Theoretical and Practical Implications
- Theoretical: The paper provides a rigorous mathematical analysis of multi-reward GRPO scalarization, proving the instability of RC (Proposition 1) and the superior properties of DVAO (Propositions 2 & 3). DVAO formally guarantees bounded advantage magnitudes and introduces a novel, data-driven cross-objective regularization mechanism.

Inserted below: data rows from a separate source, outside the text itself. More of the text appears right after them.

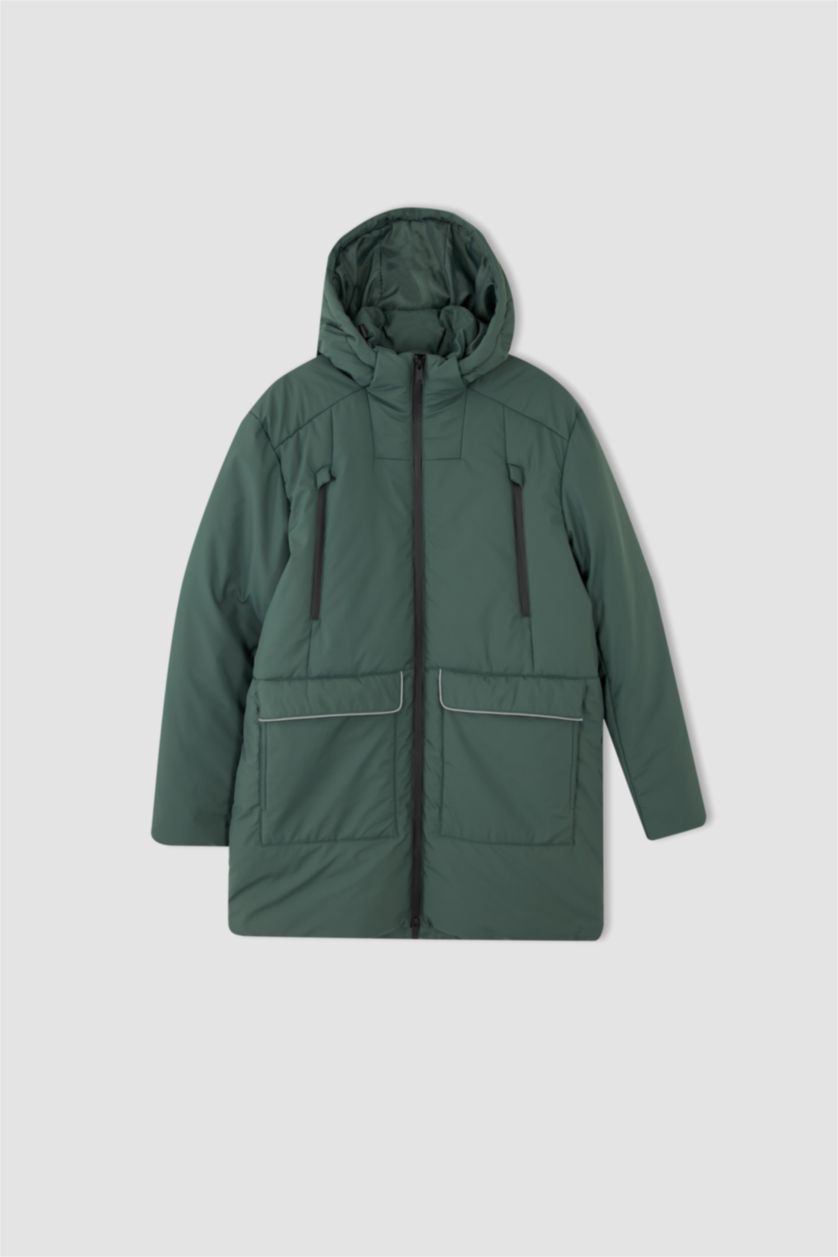 Erkek Yeşil Su Geçirmez Rüzgar Geçirmez Kapüşonlu Suni Kürklü Mont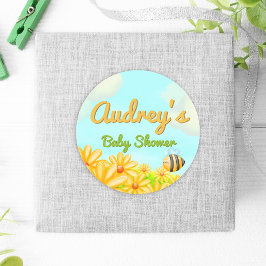 Little Sunshine - Vår Baby Shower Runt Klistermärke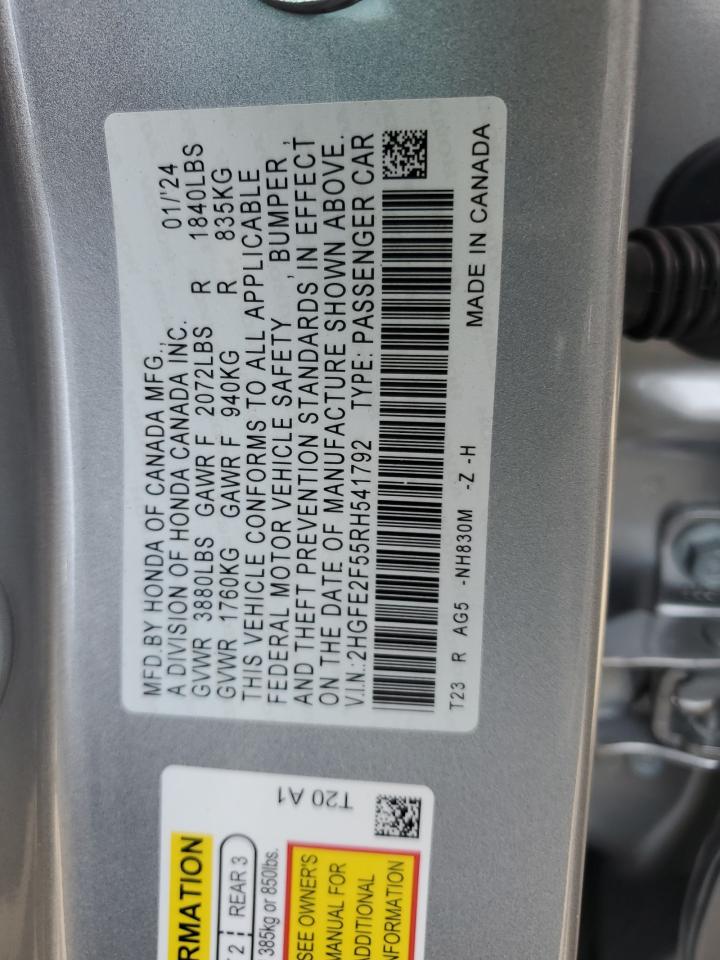 2HGFE2F55RH541792 2024 Honda Civic Sport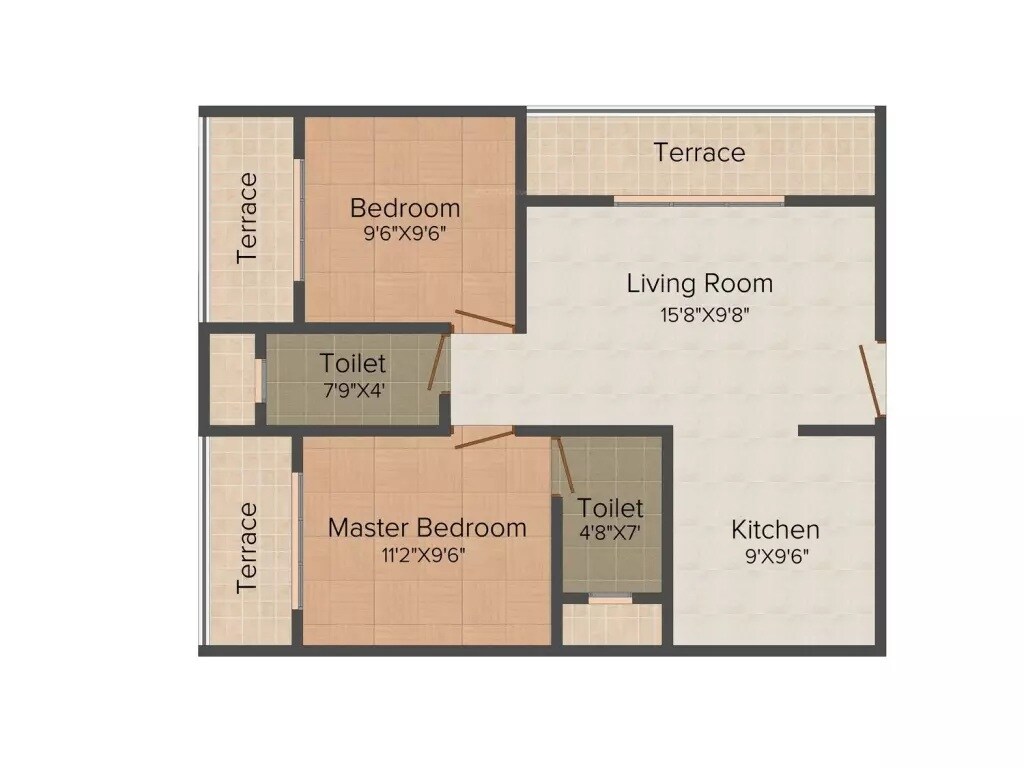 Floor plan of 2 BHK 1011 Sq. Ft. Apartment in Victory Casa, Navi Mumbai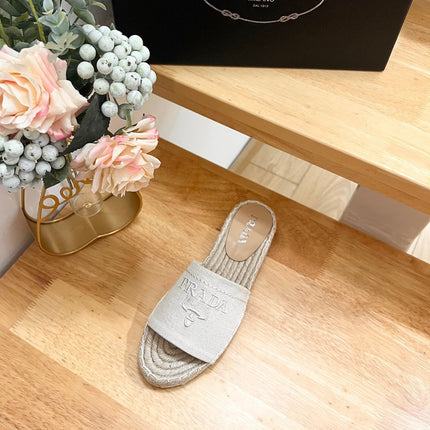 PRA CROCHET SLIPPERS CREAMY WHITE LINEN FABRIC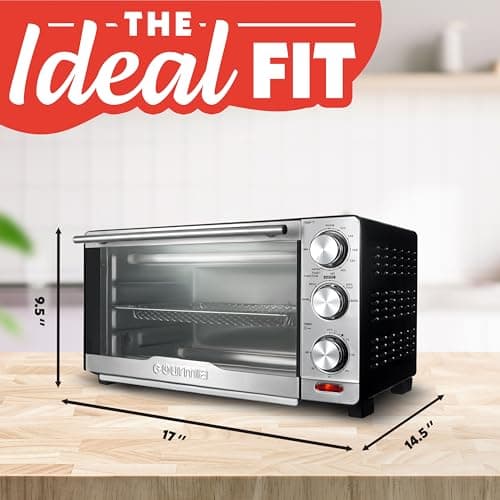 Gourmia Air Fryer Toaster Combo - 6-in-1 Multi-function Countertop Oven Adjustable Temperature & Timer, Fry Basket, Baking Pan, Oven Rack & Pullout Crumb Tray, Stainless Steel 9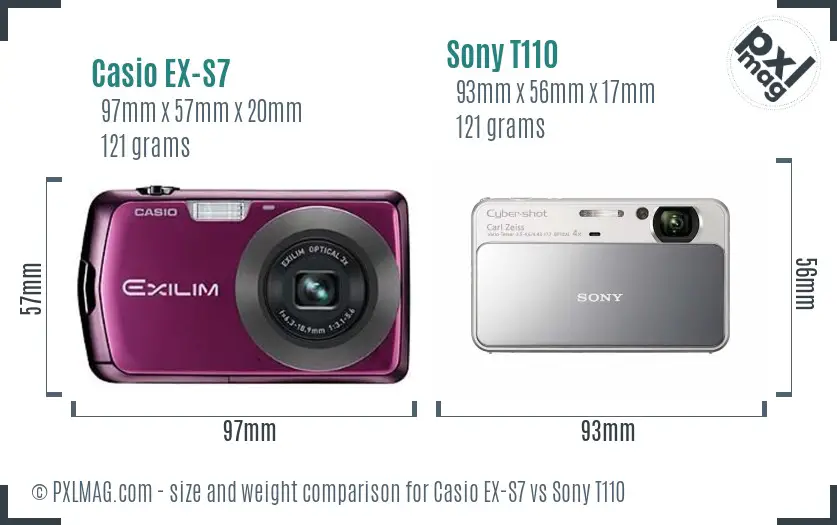 Casio EX-S7 vs Sony T110 size comparison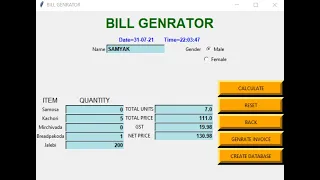 PYTHON PROJECT EASY RESTAURANT BILL GENRATOR PART 1 GUI BASED-TKINTER SOURCE CODE DOWNLOAD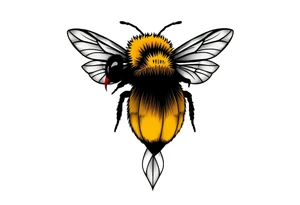 Cute bumblebee tattoo idea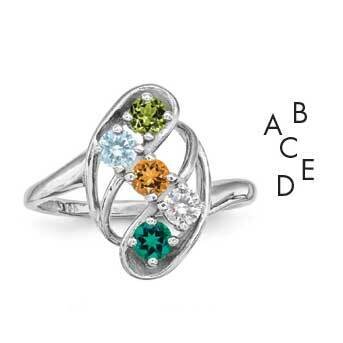 Synthetic 5 Stone Mother&#39;s Ring Sterling Silver Rhodium-plated XMR3/5SS-10, MPN: XMR3/5SS-10, 88395…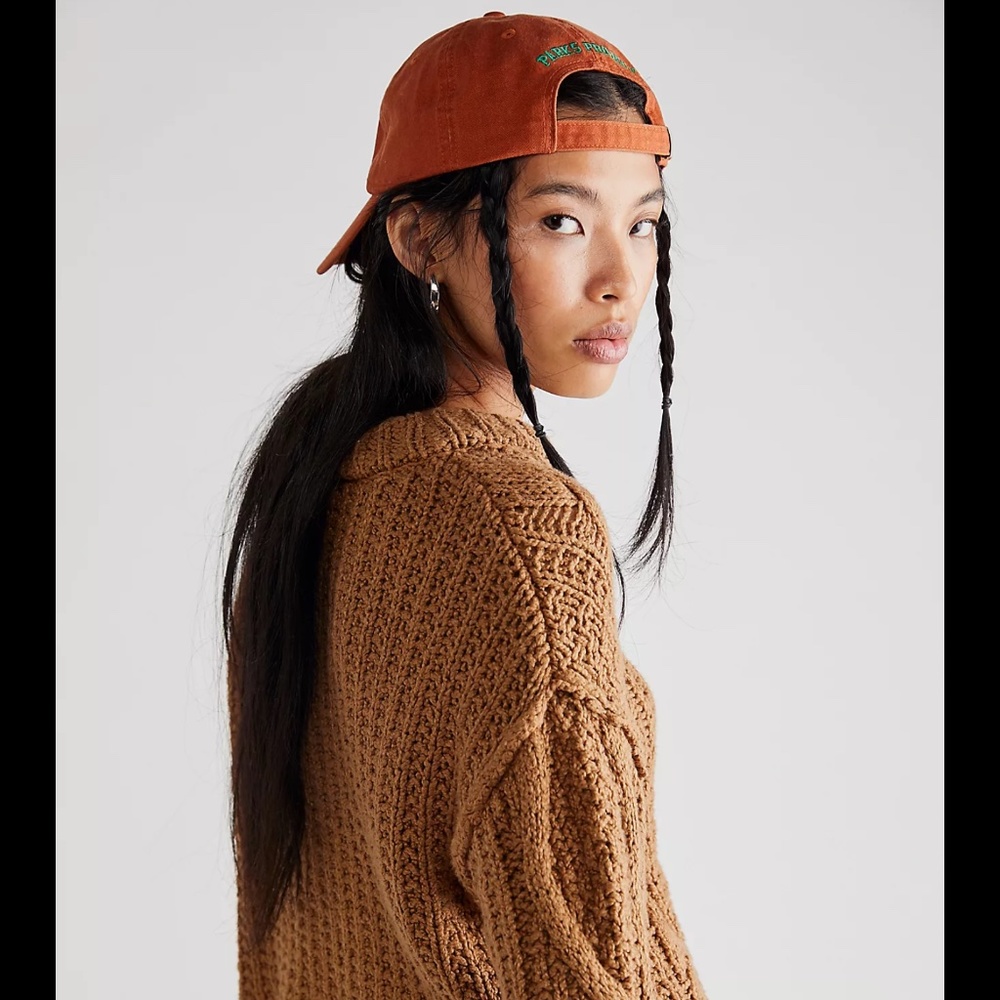 Free People Cutting Edge Camel Cable Pullover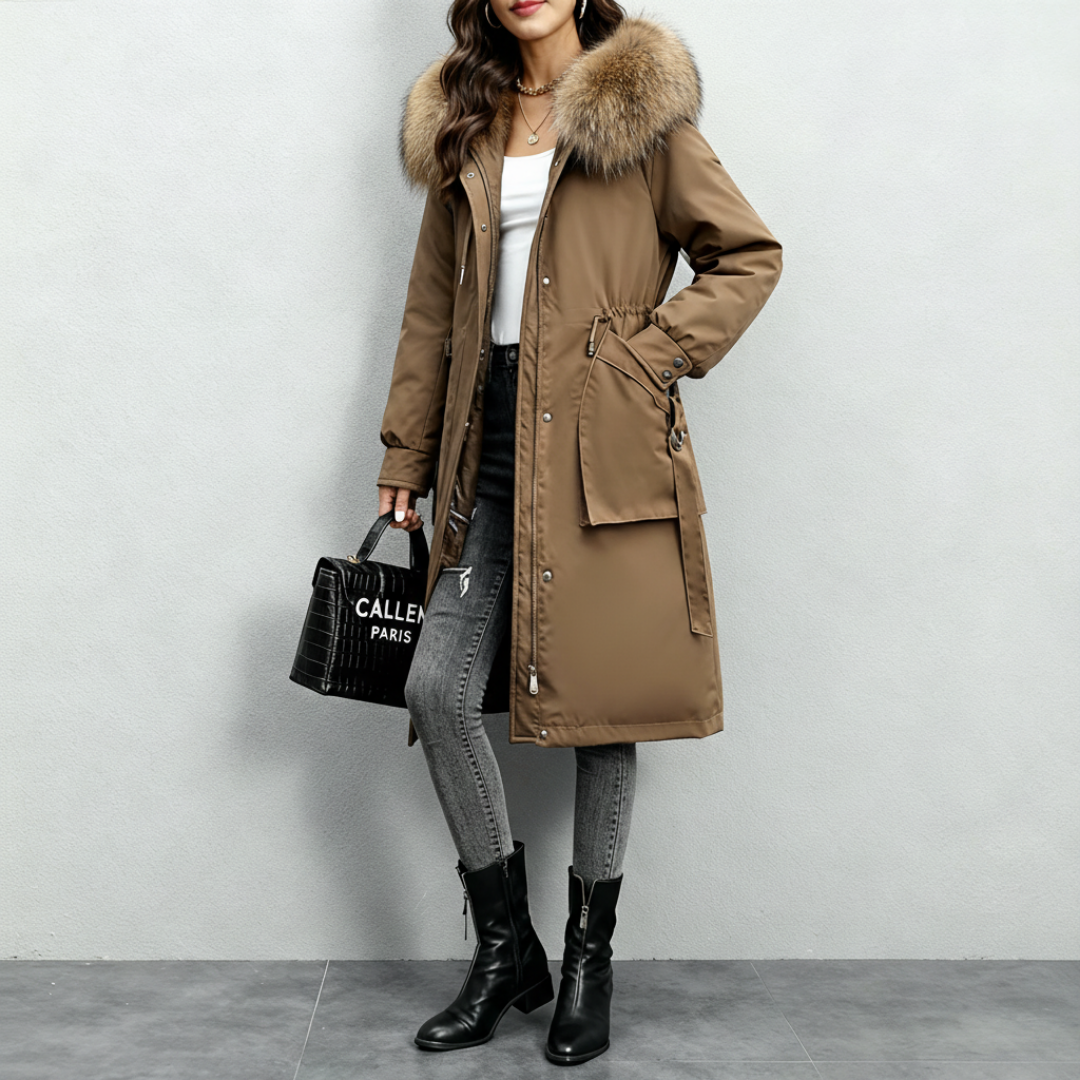 Large Padded Fur Hooded Coat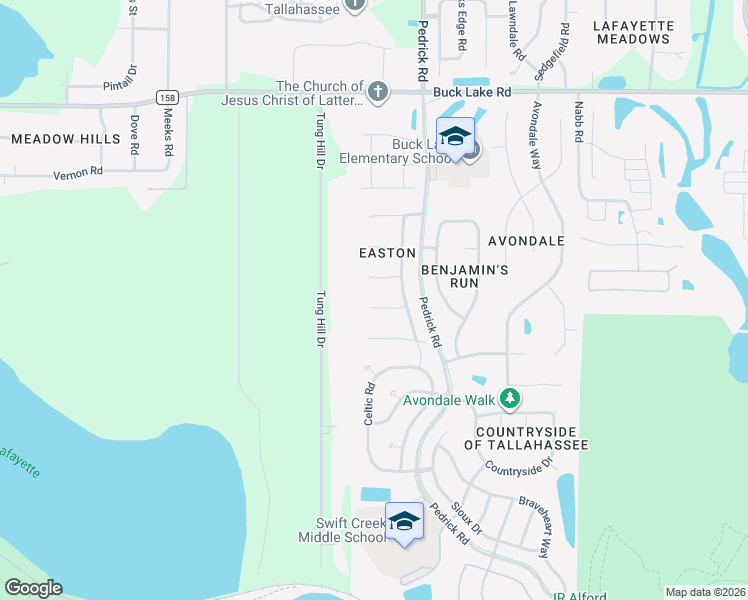 map of restaurants, bars, coffee shops, grocery stores, and more near 5424 Lawton Court in Tallahassee
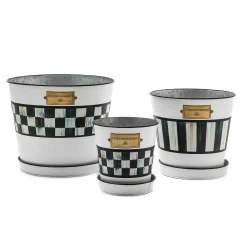 Spring|Greenery & Florals|MacKenzie-Childs Spectator Pots  Saucers, Set of 3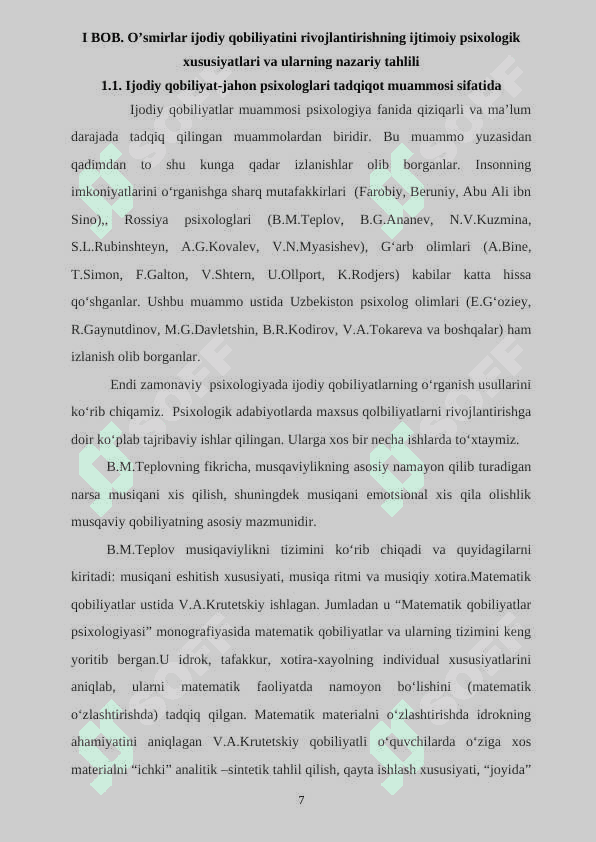 “Uzluksiz ta’limda o‘smirlar ijodiy qobiliyatini rivojlantirishning ijtimoiy psixologik xususiyatlari 7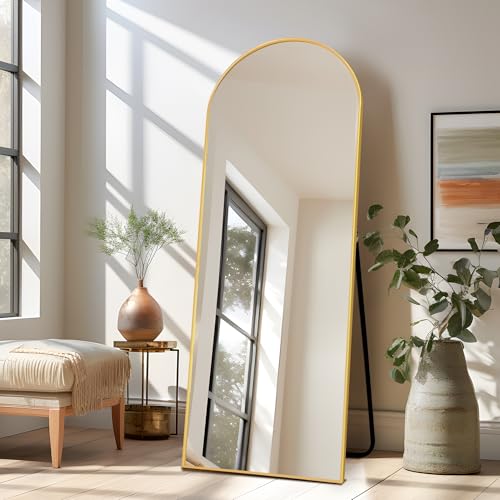 Gold Aluminum Framed Full-Length Floor Mirror, 56"x20", Standing or Hanging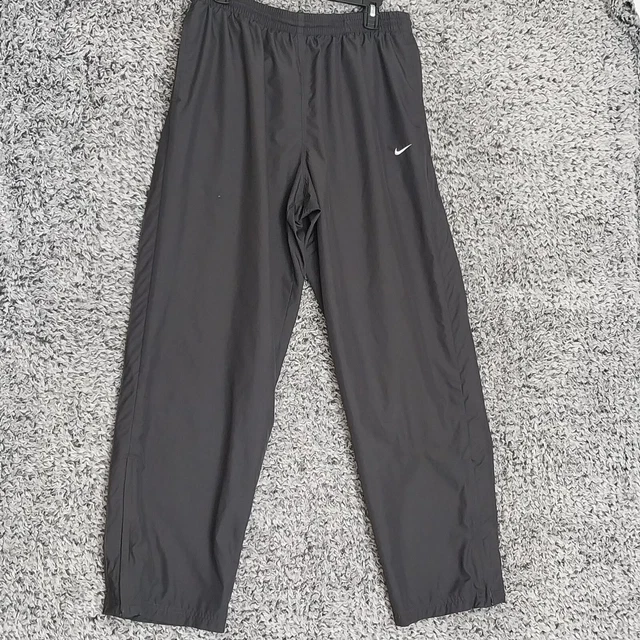 Nike Classic Woven Mens Large Jogging Running Pants Mesh Lined 446414-061 Black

- Practical: DVAO offers a hyperparameter-free, dynamic weighting scheme that significantly improves the stability and effectiveness of multi-objective RLHF for LLMs. It enables the training of models that excel at primary tasks (e.g., reasoning accuracy) while robustly adhering to critical auxiliary constraints (e.g., response length, tool-calling format), which is essential for real-world deployment.
Conclusion
The paper identifies fundamental flaws in standard multi-reward scalarization techniques for GRPO: Reward Combination leads to training instability due to large advantage magnitudes, and Advantage Combination relies on static weights and ignores cross-objective correlations. To address these, the authors propose Dynamic Variance-adaptive Advantage Optimization (DVAO), which dynamically adjusts combination weights based on the empirical variance of each objective's rewards. DVAO is proven to maintain bounded advantage magnitudes and introduce an implicit cross-objective regularization. Extensive experiments demonstrate that DVAO achieves a superior Pareto optimal policy, effectively balancing multiple objectives without manual hyperparameter tuning. Future work will explore scaling DVAO to environments with more reward functions and extending its mechanism to broader alignment paradigms.